British shop that aims to put young designers on top

British shop that aims to put young designers on top
Deirdre McQuillan, Fashion Editor, in London

Irish Times
Feb 16, 2005

LONDON FASHION WEEK: Yesterday morning, in the august surroundings
of the Royal Academy in Mayfair, three new young generation British
designers sponsored by Top Shop got the chance to present catwalk
shows and their professional mettle to press and buyers.

The three, Gardem Demerdjian, a Lebanese Armenian from Beirut,
Ebru Ercon, a British-born designer of Turkish descent, and Swash,
two graduates of Central St Martin’s, produced widely differing
collections for winter 2005. Each had its strengths and surprises,
but Gardem was outstanding.

His clothes, hand-dyed in earthy colours, harked back to the l8th
century, but in a modern way. Highwayman coats flared over ballerina
layers of thin and delicate tulles, nets, silks and chiffons.

Imagine Marie Antoinette in a firmly fitted black jacket, raggy skirts
and long, loose hair. Chocolate leather jodhpurs and a tight, toreador
jacket was another typical combination and accessories like crystal
studded headphones, silver jewelled belts and mitts added witty,
decorative touches.

Swash was more tricksy and playful, using marine rope to loop elements
of a skirt together or to lace up a grey wool jacket.

Leg o’mutton trousers are not the most flattering clothing items and
the Long John Silver look appeared self consciously laboured. Outsize
bucket pockets, cropped academic gowns and a pink cable-knit coat
with gold lame trousers did little to excite the imagination either.

Ebru Ercom used robust materials like army blankets, rough hemp and
denim to fashion some artful combinations that often worked in a
folksy way like a black, empire-line pleated dress with a cutaway
white blanket bolero and white beads.

Top Shop is currently the single biggest patron of young British
designers, with an annual spend of around GBP1 million on practical,
behind-the-scenes support.

“Everybody who is successful in the industry should give something
back,” their marketing manager, Jo Farrelly, told The Irish Times
yesterday. “We would rather spend money on nurturing young talent
than on advertising.”

Valuable endorsement for Top Shop’s own design label “Unique” came
this week from the uber chic boutique, Corso Como in Italy, which is
to Milan what Colette is to Paris. It ordered the complete collection
from the British high-street chain.

Fashion retailing may be changing fast at the moment, but British
designers continue to raid the past. Jessica Ogden’s jaunty collection
of Madras cotton checks and ginghams evoked the 50s and featured
kimono tops, denim dungarees and big patchwork skirts with a certain
Gallic twist. Handiwork like embroidery and quilting mark her style,
and swing jackets added to the jaunty air of the whole collection
notable for fuller sleeves, fuller skirts and child-like smock tops.

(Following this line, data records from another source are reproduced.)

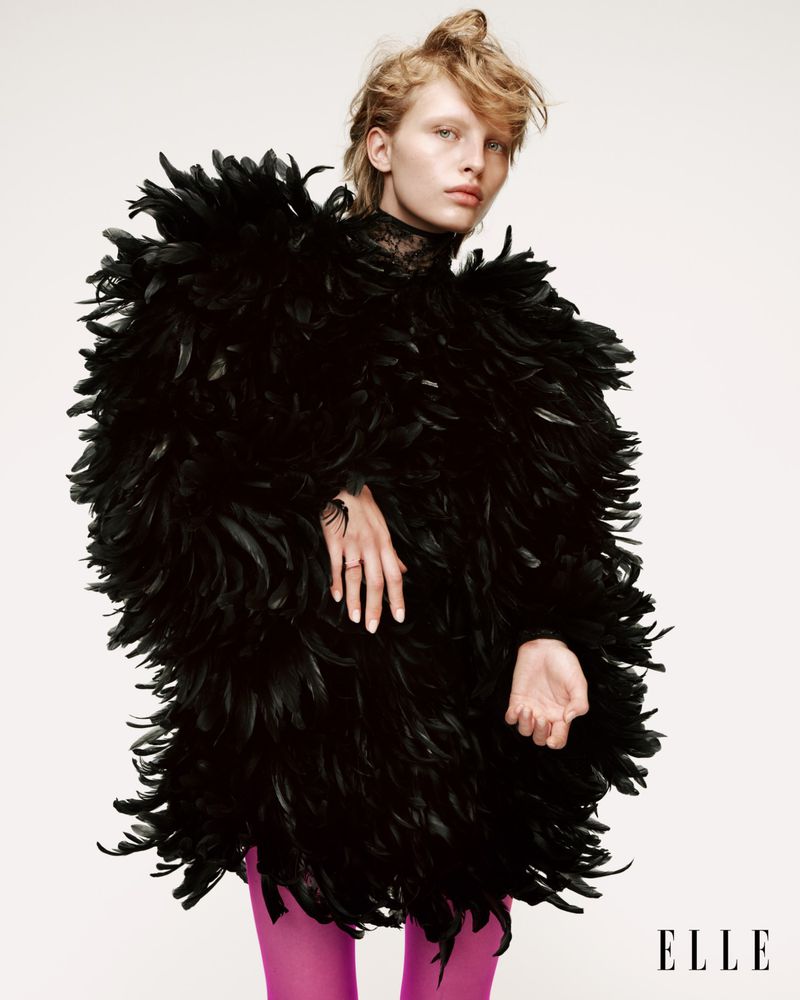 Fashion shot of a blonde woman wearing a black feather coat and pink tights against a white backdrop, Elle logo visible.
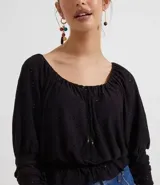 Blusa de poliéster negra con mangas largas abullonadas, escote redondo con botones y bordado en el frente. Tiene volados en el ruedo y ajuste con lazos en los laterales.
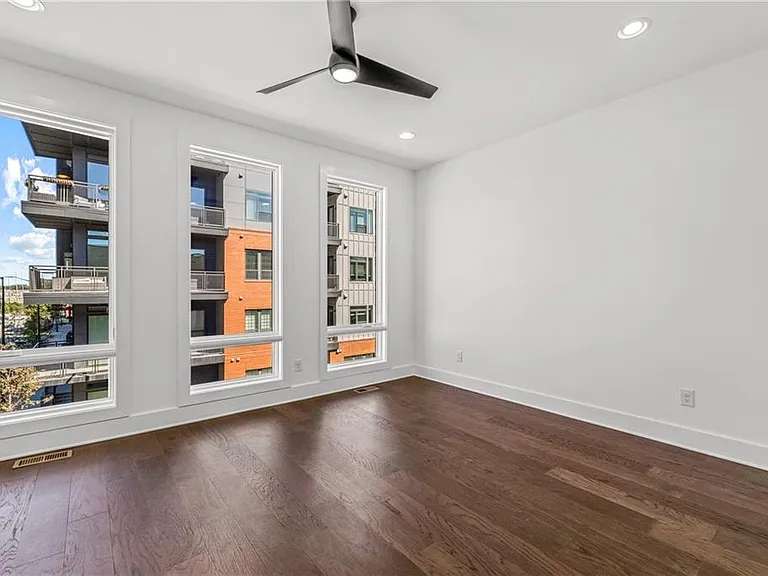 Main Bedroom (Note: Actual unit has light wooden floors and upgraded fixtures / appliances)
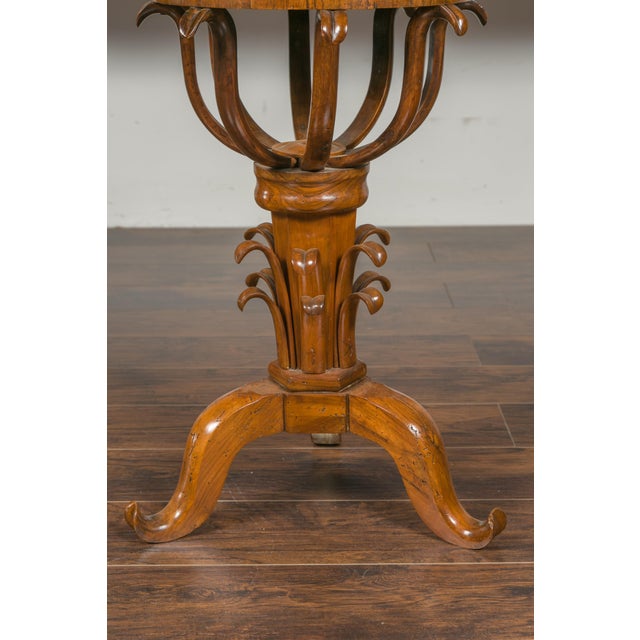 An Austrian Biedermeier period walnut guéridon table from the mid-19th century, with star inlay and scrolling foliage....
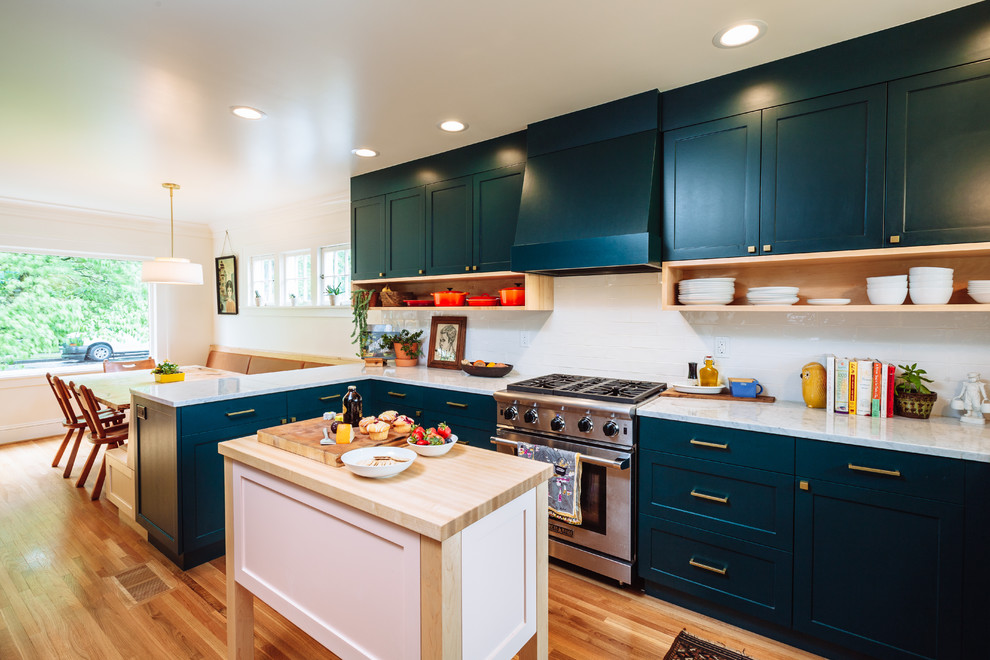 Mid-sized transitional u-shaped eat-in kitchen in Portland with a single-bowl sink, shaker cabinets, green cabinets, marble benchtops, white splashback, ceramic splashback, panelled appliances, light hardwood floors, with island and brown floor.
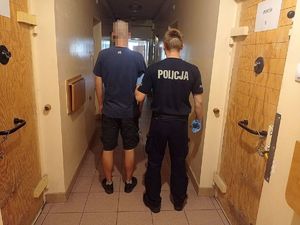 Policjant z zatrzymanym sprawcą kradzieży elementów rusztowania.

Betty Jackson had a reflective moment, too, with a collection, as
polished as ever, that harked back to the 70s and hippy chic with
sequined dresses, embroidered Afghan coats and cowboy boots.

But whether it was a neat cigar leather belted coat over narrow
trousers or a flared check jacket over a full skirt, her sense of
colour and proportion was as sharp and as chic as ever.